The Logistics domain is more complex. It simulates moving packages between different cities using trucks and airplanes. Here's how it works:

You have cities, and within each cities there are locations (like airports, post offices). Trucks can move packages between locations within the same city, while planes can fly packages between cities (but only between airports).

A sample logistics problem: Initial State: Package in San Francisco post office Goal State: Package needs to reach New York apartment

The agent must plan:

  • Use truck to move package from SF post office to SF airport
  • Load package onto plane
  • Fly plane to NY airport
  • Unload package
  • Use NY truck to deliver package to apartment

What makes these domains valuable for testing is that they require agents to understand constraints (like "can't move blocked blocks" or "trucks can't fly"), plan multiple steps ahead, and sometimes even undo progress temporarily to reach the final goal.

What makes these test domains particularly effective is their clarity and controllability. Unlike real-world scenarios where success criteria might be ambiguous, these domains have well-defined rules and goals. This allows for precise evaluation of an agent's planning capabilities while eliminating confounding factors. But real-world situations are messy. Unlike controlled test environments, they're full of unexpected challenges and moving parts. Let's break down what this means:

Think about a customer service agent. In a test environment, you might have a simple scenario: "Customer wants a refund for a damaged product." But in reality, you're dealing with:

  • A customer who's already contacted support three times
  • A product that was damaged during a natural disaster
  • Shipping delays due to a holiday season
  • Company policies that recently changed
  • Multiple departments that need to coordinate
  • Systems that might be experiencing downtime

This complexity means we need to think differently about how we evaluate and build these systems. Instead of just testing if an agent can handle a clean, straightforward task, we should ask:

  • Can it juggle multiple priorities?
  • Does it know when to escalate?
  • How does it handle partial or conflicting information?
  • Can it work around system limitations?

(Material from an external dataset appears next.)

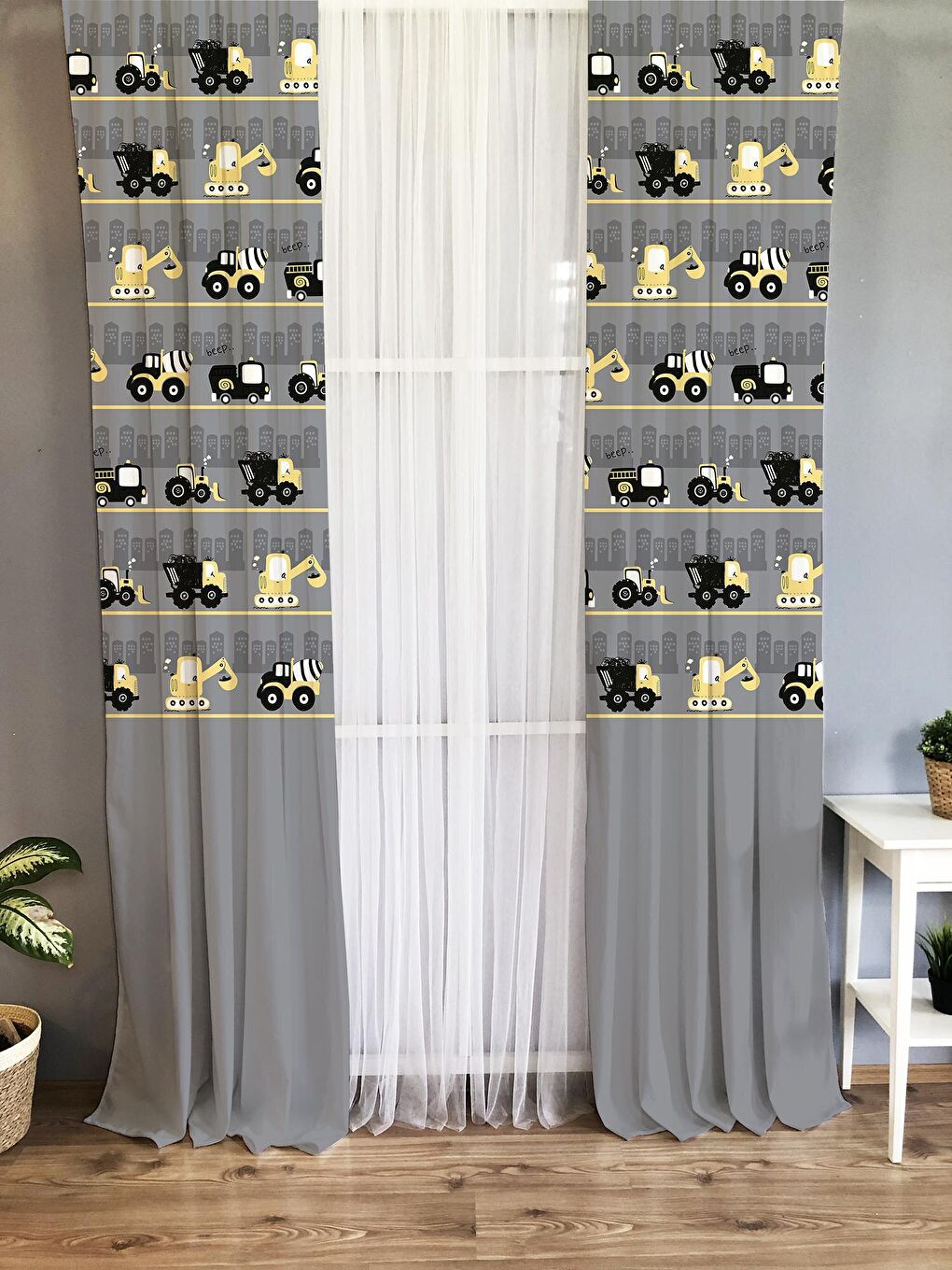 Karışık İnşaat Makineleri Desenli Çocuk Ve Bebek Odası TEK KANAT Fon Perde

The goal isn't to solve every possible problem, but to build systems that can gracefully handle the unexpected - because in the real world, the unexpected is normal.

Learnings from PlanBench

Current evaluations reveal significant gaps in the planning capabilities of even the most advanced AI systems. Many struggle with:

  • Maintaining consistency across long action sequences
  • Adapting plans when faced with unexpected changes
  • Generalizing planning patterns to new situations
  • Finding truly optimal solutions rather than just workable ones

Self-Evaluation

Source: Self-Reflection in LLM Agents

Recent research has demonstrated that large language models can significantly enhance their problem-solving capabilities through self-reflection and evaluation, mimicking human metacognitive processes. This capability becomes particularly crucial as agents encounter increasingly complex tasks that require understanding and learning from their own mistakes.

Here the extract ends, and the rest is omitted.